Both the house and the education may turn out to be worth less than you paid, but the present-day value of a house has to do with what someone else is willing to pay to take it off your hands. You don't sell your education to someone else. You try to get a job. When you buy a house, you have some expectations about how the market price will change over time. When you get an education you have expectations about what kinds of jobs you may be able to get with it. But so much depends on you. You have to have absorb and process the material the school teaches, you need to present yourself appropriately in interviews, and, once you get the job, you have to perform well. Your services are the product. The education was part of making your services worth buying in the job market. But no one ever purchases your education from you.
Now, why focus on law schools? People buy all sorts of education. It's expensive. And students major in plenty of subjects that are far less likely to result in jobs. Here's where we get to the real meat of the article: Do the law schools trick students into thinking they are buying a bigger boost in the job market than they're really going to get? And it's the old U.S. News and World Report problem.

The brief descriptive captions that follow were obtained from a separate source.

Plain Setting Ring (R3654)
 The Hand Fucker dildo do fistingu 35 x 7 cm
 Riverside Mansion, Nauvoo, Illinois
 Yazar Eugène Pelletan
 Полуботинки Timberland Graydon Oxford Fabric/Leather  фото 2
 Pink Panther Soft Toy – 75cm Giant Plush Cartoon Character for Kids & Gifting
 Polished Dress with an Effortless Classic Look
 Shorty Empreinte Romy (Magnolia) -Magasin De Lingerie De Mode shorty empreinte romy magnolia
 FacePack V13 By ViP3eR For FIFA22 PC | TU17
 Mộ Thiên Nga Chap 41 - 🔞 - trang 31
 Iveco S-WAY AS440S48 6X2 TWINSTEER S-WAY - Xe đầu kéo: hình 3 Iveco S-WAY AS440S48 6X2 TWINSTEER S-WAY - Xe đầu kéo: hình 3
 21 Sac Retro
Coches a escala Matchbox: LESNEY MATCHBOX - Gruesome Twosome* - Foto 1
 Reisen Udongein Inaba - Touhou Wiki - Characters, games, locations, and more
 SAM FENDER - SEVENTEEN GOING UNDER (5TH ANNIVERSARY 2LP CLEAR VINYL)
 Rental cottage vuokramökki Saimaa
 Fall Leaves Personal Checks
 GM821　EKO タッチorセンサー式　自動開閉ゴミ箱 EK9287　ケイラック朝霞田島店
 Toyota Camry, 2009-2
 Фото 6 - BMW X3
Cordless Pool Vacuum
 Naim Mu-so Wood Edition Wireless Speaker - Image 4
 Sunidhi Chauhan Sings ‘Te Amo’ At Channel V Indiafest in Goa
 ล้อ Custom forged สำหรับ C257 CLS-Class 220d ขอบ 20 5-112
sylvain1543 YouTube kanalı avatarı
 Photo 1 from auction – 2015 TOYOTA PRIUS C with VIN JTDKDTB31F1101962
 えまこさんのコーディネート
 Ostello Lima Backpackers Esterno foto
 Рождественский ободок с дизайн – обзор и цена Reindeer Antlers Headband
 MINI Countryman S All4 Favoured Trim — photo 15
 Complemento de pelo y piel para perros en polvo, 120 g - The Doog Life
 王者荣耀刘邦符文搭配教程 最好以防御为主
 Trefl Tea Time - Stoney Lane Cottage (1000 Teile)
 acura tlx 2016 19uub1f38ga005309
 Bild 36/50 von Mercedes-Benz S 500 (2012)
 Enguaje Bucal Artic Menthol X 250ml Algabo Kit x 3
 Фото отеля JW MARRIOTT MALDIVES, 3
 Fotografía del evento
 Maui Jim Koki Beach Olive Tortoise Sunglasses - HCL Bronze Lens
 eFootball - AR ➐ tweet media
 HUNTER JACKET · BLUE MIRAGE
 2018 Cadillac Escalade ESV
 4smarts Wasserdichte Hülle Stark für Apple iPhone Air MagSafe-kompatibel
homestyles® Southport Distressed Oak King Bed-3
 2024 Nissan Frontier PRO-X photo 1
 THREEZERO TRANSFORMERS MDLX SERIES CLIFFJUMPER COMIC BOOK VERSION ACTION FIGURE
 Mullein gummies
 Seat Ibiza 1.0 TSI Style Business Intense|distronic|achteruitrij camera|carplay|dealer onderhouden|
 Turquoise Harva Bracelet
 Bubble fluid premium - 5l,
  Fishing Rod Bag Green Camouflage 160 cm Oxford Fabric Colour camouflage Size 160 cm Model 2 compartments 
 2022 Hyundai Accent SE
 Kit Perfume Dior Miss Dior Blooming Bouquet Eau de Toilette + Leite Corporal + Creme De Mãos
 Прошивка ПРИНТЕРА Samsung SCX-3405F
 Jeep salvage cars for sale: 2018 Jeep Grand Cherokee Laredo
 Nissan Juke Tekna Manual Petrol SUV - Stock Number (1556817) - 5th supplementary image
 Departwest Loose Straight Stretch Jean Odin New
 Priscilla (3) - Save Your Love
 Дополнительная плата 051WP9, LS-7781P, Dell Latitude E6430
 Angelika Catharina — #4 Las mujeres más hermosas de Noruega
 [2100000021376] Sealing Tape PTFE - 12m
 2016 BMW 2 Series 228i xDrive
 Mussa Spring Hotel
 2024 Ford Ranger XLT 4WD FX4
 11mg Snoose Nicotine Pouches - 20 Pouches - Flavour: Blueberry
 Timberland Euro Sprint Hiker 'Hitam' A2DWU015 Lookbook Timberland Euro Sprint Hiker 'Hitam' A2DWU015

As schools vie for higher ranking, they do what they can to produce statistics that factor into the calculation, and one thing is the percentage of "graduates known to be employed nine months after graduation." Law schools today report an average of 93%, which is 9% more than back in 1997, even though everyone knows the job market for law grads has gotten much worse.
Another statistic that counts in the rankings is median starting salary:
Many schools, even those that have failed to break into the U.S. News top 40, state that the median starting salary of graduates in the private sector is $160,000. That seems highly unlikely, given that Harvard and Yale, at the top of the pile, list the exact same figure....That is to say, the U.S. News rankings are, on their face, unbelievable.
So the glut of diplomas, the dearth of jobs and those candy-coated employment statistics have now yielded a crop of furious young lawyers who say they mortgaged their future under false pretenses. You can sample their rage, and their admonitions, on what are known as law school scam blogs, with names like Shilling Me Softly, Subprime JD and Rose Colored Glasses.It's important for prospective students to know what they're getting into. But are they being tricked into thinking it will be easy to become a lawyer, make a lot of money, and love your job too? I don't think so. The bad economy has made the odds worse, but students aren't fools. The NYT focuses on one particular individual, who seems to have been especially unrealistic. (You can go to the article to see the details on this one guy. I don't know why he was chosen as the star of the article.) I think most students do think hard about taking on loans and training for the legal profession. You've got to search for the truth and think hard about where your decisions will lead you and if you want to go there.
“Avoid this overpriced sewer pit as if your life depended on it,” writes the anonymous author of the blog Third Tier Reality — a reference to the second-to-bottom tier of the U.S. News rankings — in a typically scatological review. “Unless, of course, you think that you will be better off with $110k-$190k in NON-DISCHARGEABLE debt for a degree that qualifies you to wait tables at the Battery Park Bar and Lounge.”
But so far, the warnings have been unheeded. Job openings for lawyers have plunged, but law schools are not dialing back enrollment.... Apparently, there is no shortage of 22-year-olds who think that law school is the perfect place to wait out a lousy economy and the gasoline that fuels this system — federally backed student loans — is still widely available.
Quite aside from the economic issues, many people go to law school only to figure out they don't like being a lawyer. But you have to do something in life. What will it be? What else are you going to do? For far too many young people, law school seems like a specific, sensible choice. Three years of education, and you will be highly qualified for a wide array of respectable jobs. If you're reasonably smart and hard working, you will get through it. But it's not a magic ticket to affluence and prestige.
My advice: Know what you're doing! Think!